L’experte s’est aussi inquiétée que d'après les informations qui ont été fournies au Comité, l'Institut national de statistique, de géographie et d’informatique du Mexique n’inclut pas les personnes vivant dans des quartiers informels dans son recensement, de sorte que ces établissements humains informels ne sont pas pris en compte dans l'élaboration des politiques publiques ou pour la fourniture de services tels que l'eau, l'électricité et l'assainissement.
Mme Tlakula a aussi souhaité connaître les modifications globales apportées à la loi fédérale relative à la prévention et à l'élimination de la discrimination. Elle s’est en outre enquise du projet d’amendement du Code pénal visant à rendre ce dernier conforme aux dispositions de la Convention.
Le Comité a reçu des informations indiquant que la Constitution de 2011 n'inclut pas la couleur de la peau, le phénotype ou la race parmi les motifs de discrimination interdits, et que seules 15 entités fédératives sur les 32 que compte le pays incluent la race comme motif de discrimination prohibé dans leur constitution, s’est inquiétée l’experte. Elle a par ailleurs relevé les préoccupations de nombreuses organisations de la société civile s’agissant de la propagation de discours de stigmatisation et de haine raciale en public et sur les réseaux sociaux, y compris de la part des autorités de l'État.
L’experte s’est également enquise des mesures prises pour que le Conseil national pour la prévention de la discrimination (CONAPRED) soit doté des ressources humaines, financières et techniques dont il a besoin pour lui permettre de s'acquitter efficacement de son mandat. Elle s’est inquiétée des informations reçues par le Comité indiquant que le Mexique n'a pas nommé le nouveau Président du CONAPRED, ce qui a affaibli l'institution.
Mme Tlakula a ensuite demandé des statistiques sur le nombre de cas de discrimination raciale signalés à la police, le nombre de personnes ayant fait l'objet d'une enquête et le nombre d'auteurs [de tels actes] qui ont été poursuivis et condamnés.
Le Comité a reçu des informations indiquant qu’un nombre disproportionné de personnes autochtones et d'ascendance africaine sont en détention provisoire dans le pays ; que, dans la pratique, le système judiciaire mexicain ignore la culture des peuples autochtones et finit par imposer des mesures punitives injustes telles que la détention préventive, qui affecte de manière disproportionnée les femmes autochtones ; et que les peuples autochtones déplacés continuent de faire l'objet de discrimination et de racisme dans le système de justice pénale et sont souvent soumis à des représailles et à des attaques, y compris des assassinats, a ajouté l’experte. Dans ce contexte, elle a voulu savoir combien le pays comptait de juges parmi les personnes autochtones et d'ascendance africaine.

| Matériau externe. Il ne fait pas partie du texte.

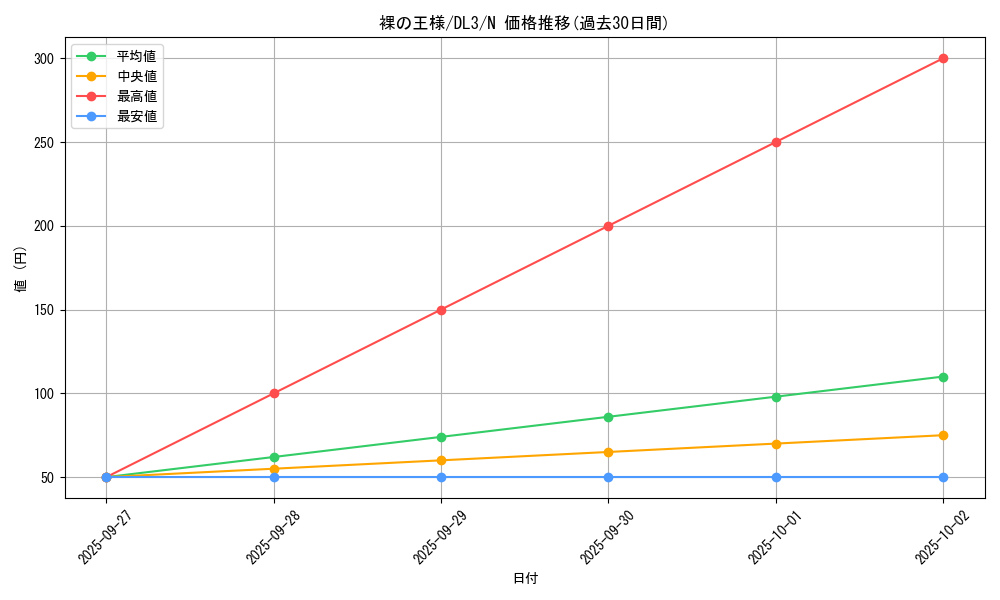 card_12516_series_30737_rarity_1_graph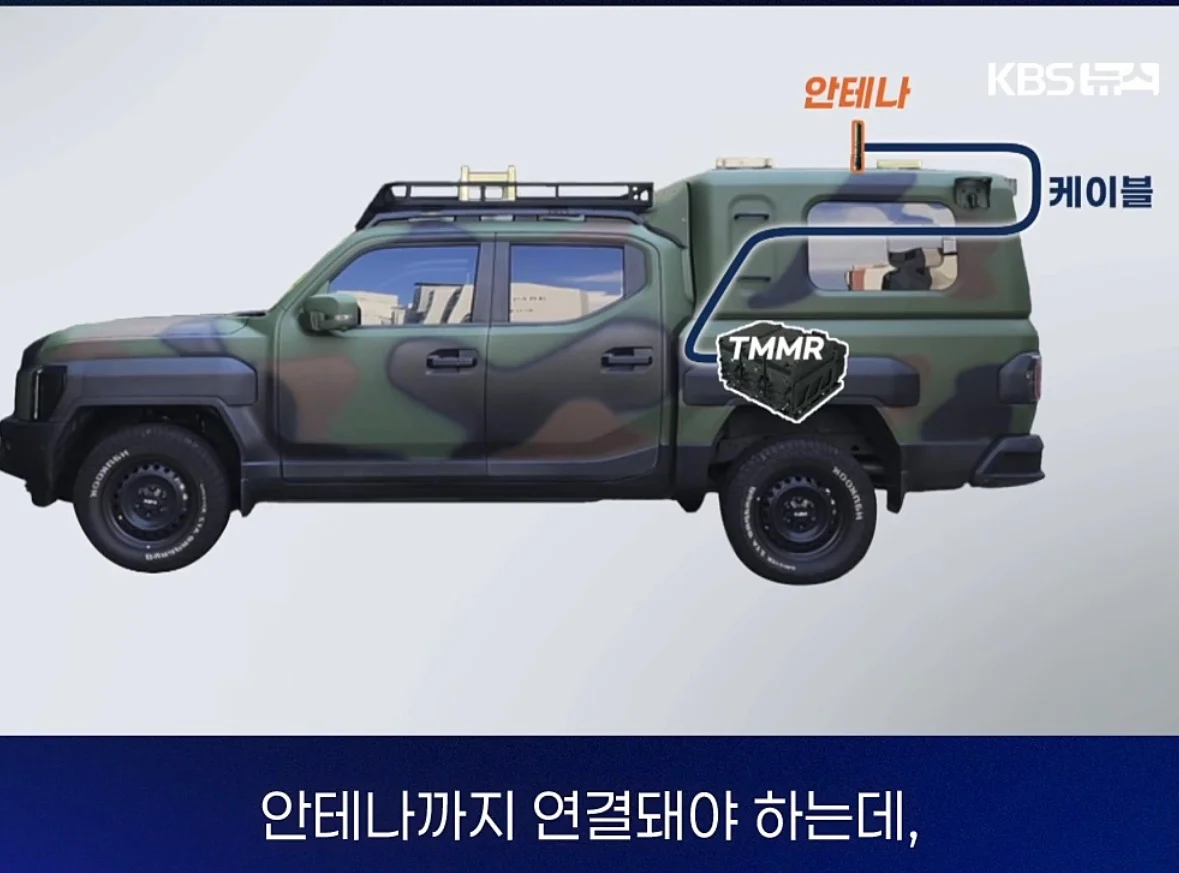 창고에 처박힌 400억... 기가막힌 이유 (11)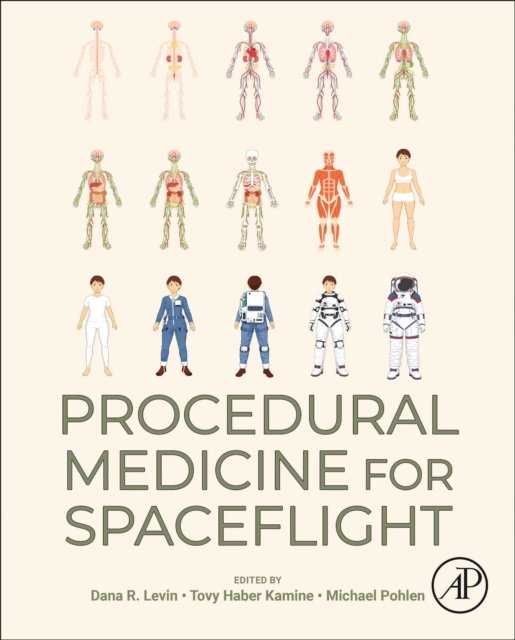 Procedural Medicine for Spaceflight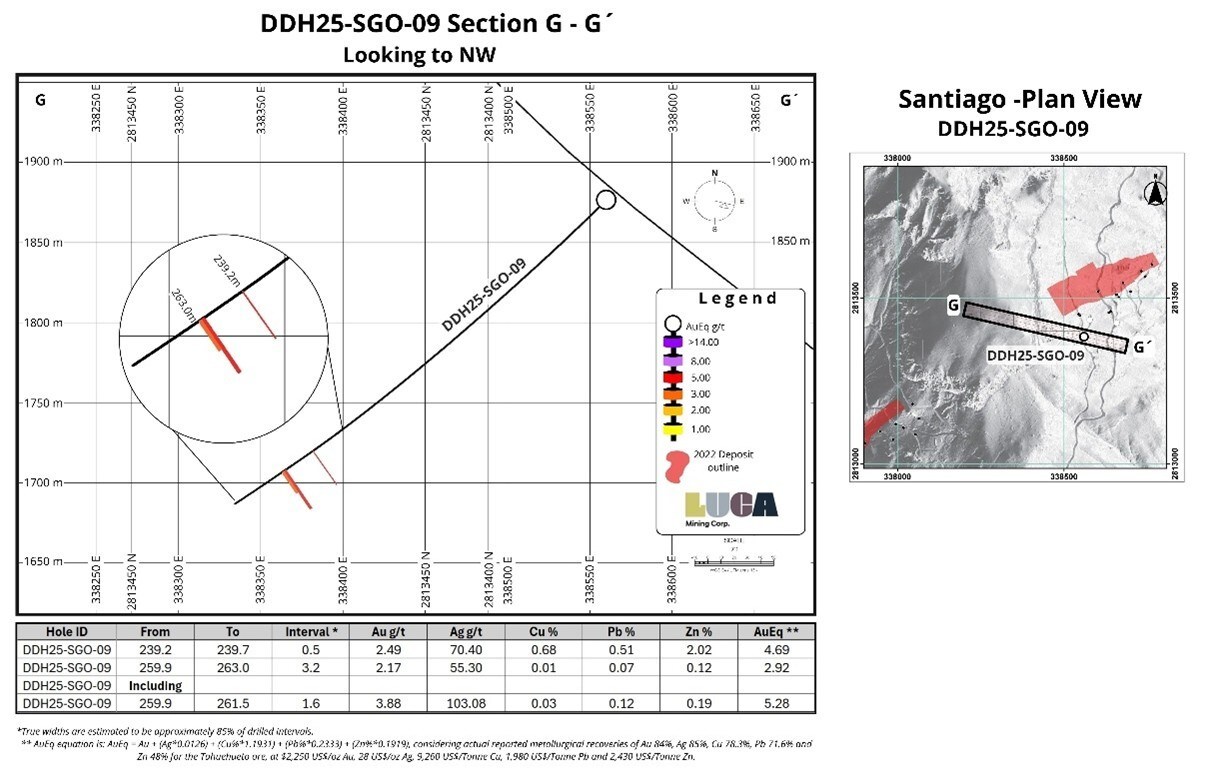 FIGURA 10 (Grupo CNW/Luca Mining Corp.)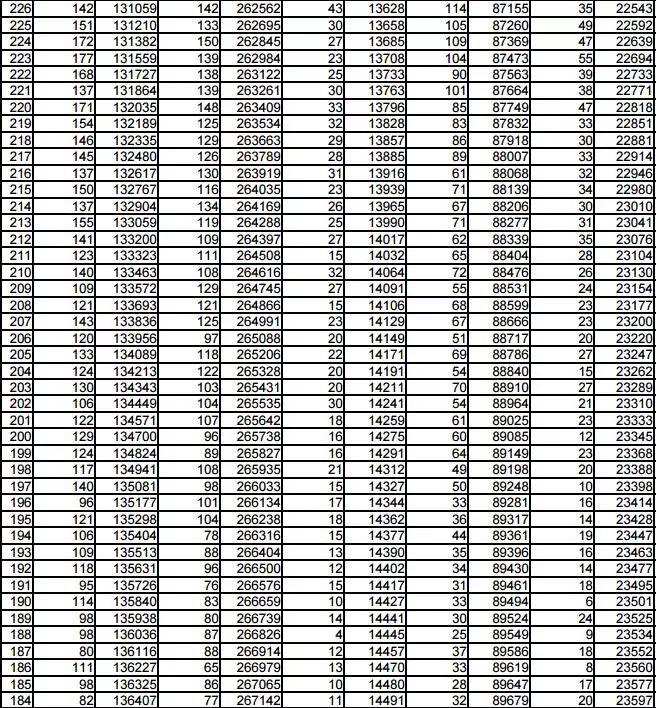 山东高考相同分数排名规则（山东高考分数相同位次怎么排）
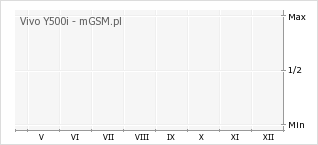 Wykres zmian popularności telefonu Vivo Y500i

L’experte a aussi demandé des informations sur l'état d'avancement des efforts qui ont été déployés pour reconnaître, respecter et renforcer le système judiciaire autochtone.
Mme Tlakula a en outre souligné que le Comité avait reçu des informations faisant état de profilage racial de la part de l'Institut national des migrations et de la Garde nationale, visant les Noirs, les métis, les peuples autochtones et les Afro-Mexicains aux points de contrôle de l'immigration dans tout le pays.

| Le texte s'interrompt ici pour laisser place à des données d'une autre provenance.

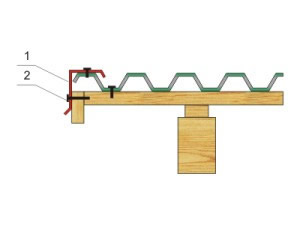 ветровая планка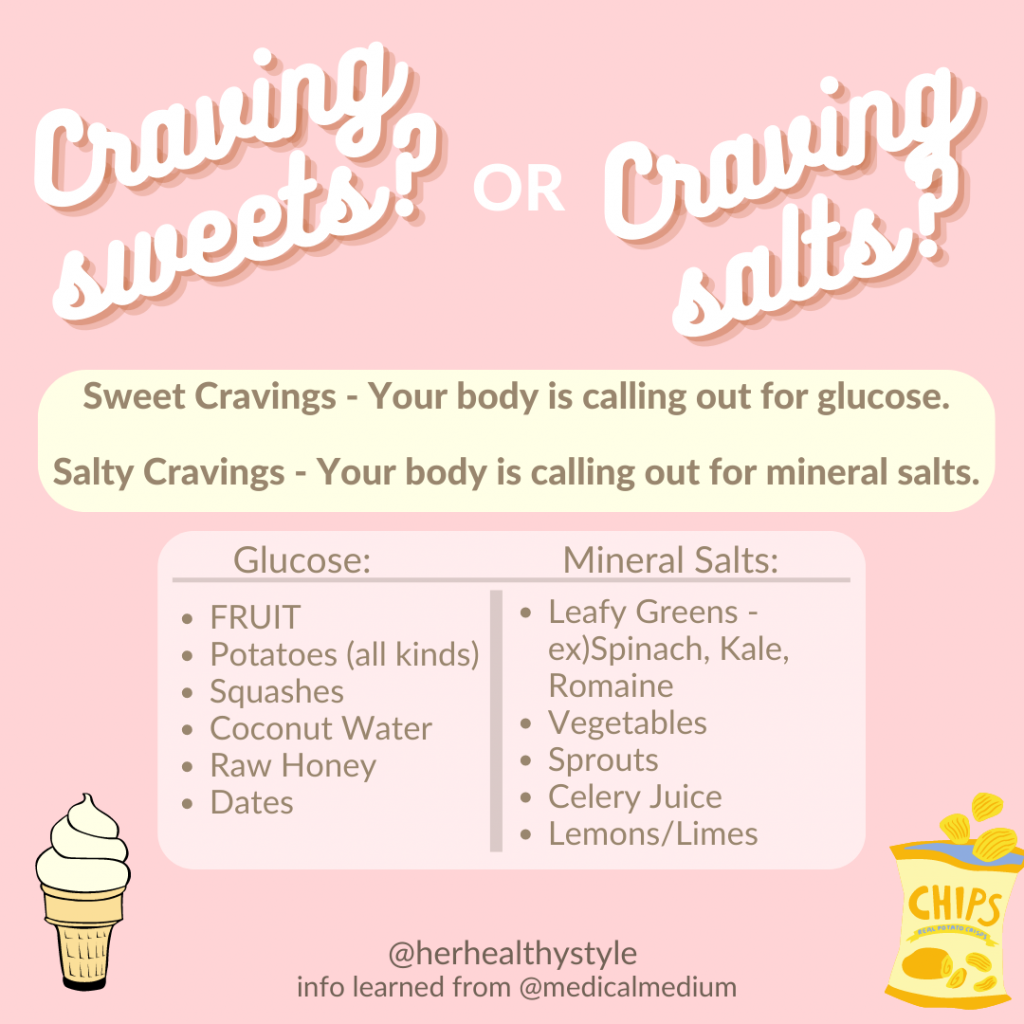 What Cravings Mean? Cravings Salty or Sweet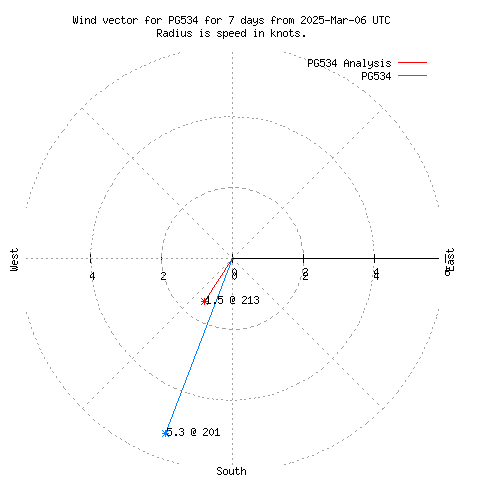 Wind vector chart for last 7 days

L’experte s’est enquise des mesures prises pour empêcher la diffusion, sur les plates-formes publiques et les médias sociaux, de messages qui favorisent la propagation de la haine raciale, des stéréotypes et des préjugés à l'encontre des peuples autochtones, des personnes d'ascendance africaine et des migrants.

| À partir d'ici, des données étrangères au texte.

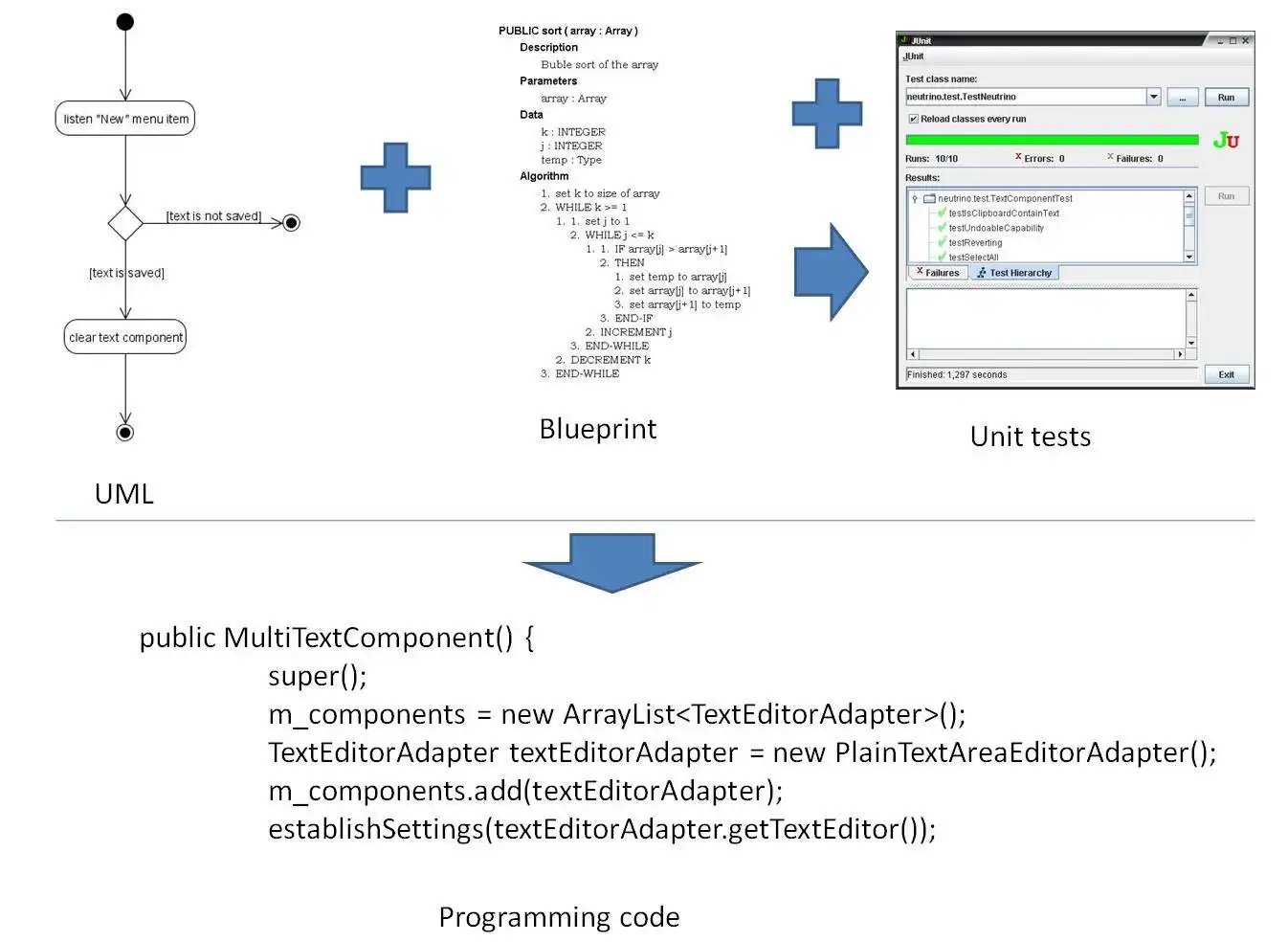 Download web tool or web app Blueprint Builder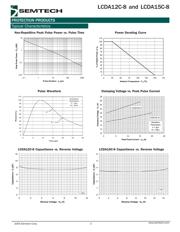 LCDA12C-8.T datasheet.datasheet_page 3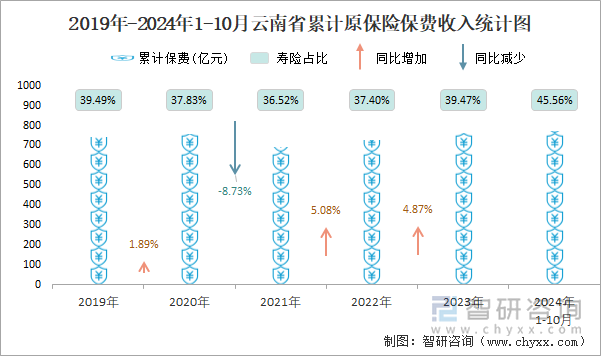 2019年-2024年1-10月云南省累计原保险保费收入统计图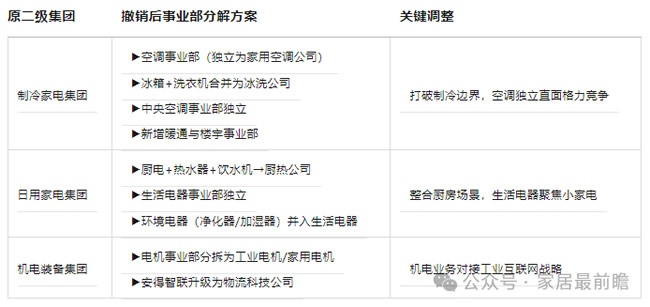 調(diào)整組織架構(gòu)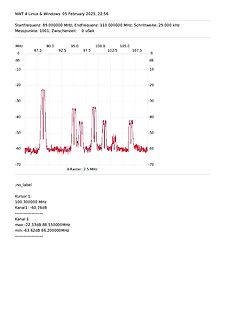 Spektrum eines Signalanalysators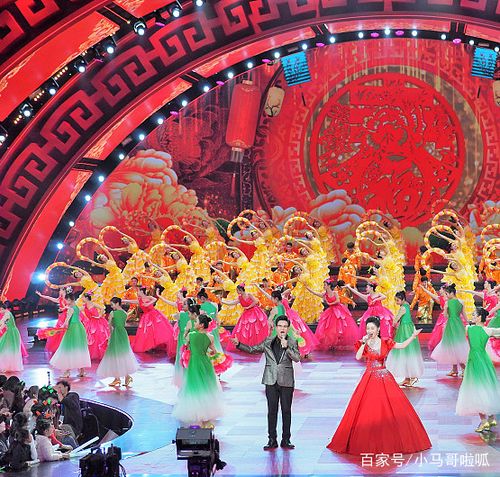 2019年安徽卫视春节联欢晚会演员表全部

Mme Tlakula a demandé des informations sur l’enquête concernant l’assassinat de Samir Flores Soberanes, qui s'opposait à la réalisation du projet intégral de Morelos – un projet énergétique qui affecte les droits des peuples autochtones sur leurs terres et leurs ressources.
D'après les informations que le Comité a reçues, les Afro-Mexicains ont indiqué à plusieurs reprises qu'ils ne devaient pas être traités comme des autochtones et ont refusé de participer aux activités relatives aux peuples autochtones, a par la suite relevé l’experte. Elle a souhaité connaître les mesures prises pour promulguer des lois et adopter des politiques qui permettront aux Afro-Mexicains d'exercer leurs droits économiques, sociaux et culturels de plein droit. La rapporteuse s’est inquiétée des informations reçues par le Comité indiquant que la plupart des Afro-Mexicains vivent encore dans la pauvreté, souvent dans des communautés rurales isolées où les services d'assainissement, de santé ou d'éducation sont négligeables, et qu'en général, les Afro-Mexicains sont toujours rabaissés et relégués au plus bas échelon de l'échelle sociale. Elle s’est dès lors enquise des mesures spéciales prises pour lutter contre la discrimination raciale structurelle à l'égard des Afro-Mexicains.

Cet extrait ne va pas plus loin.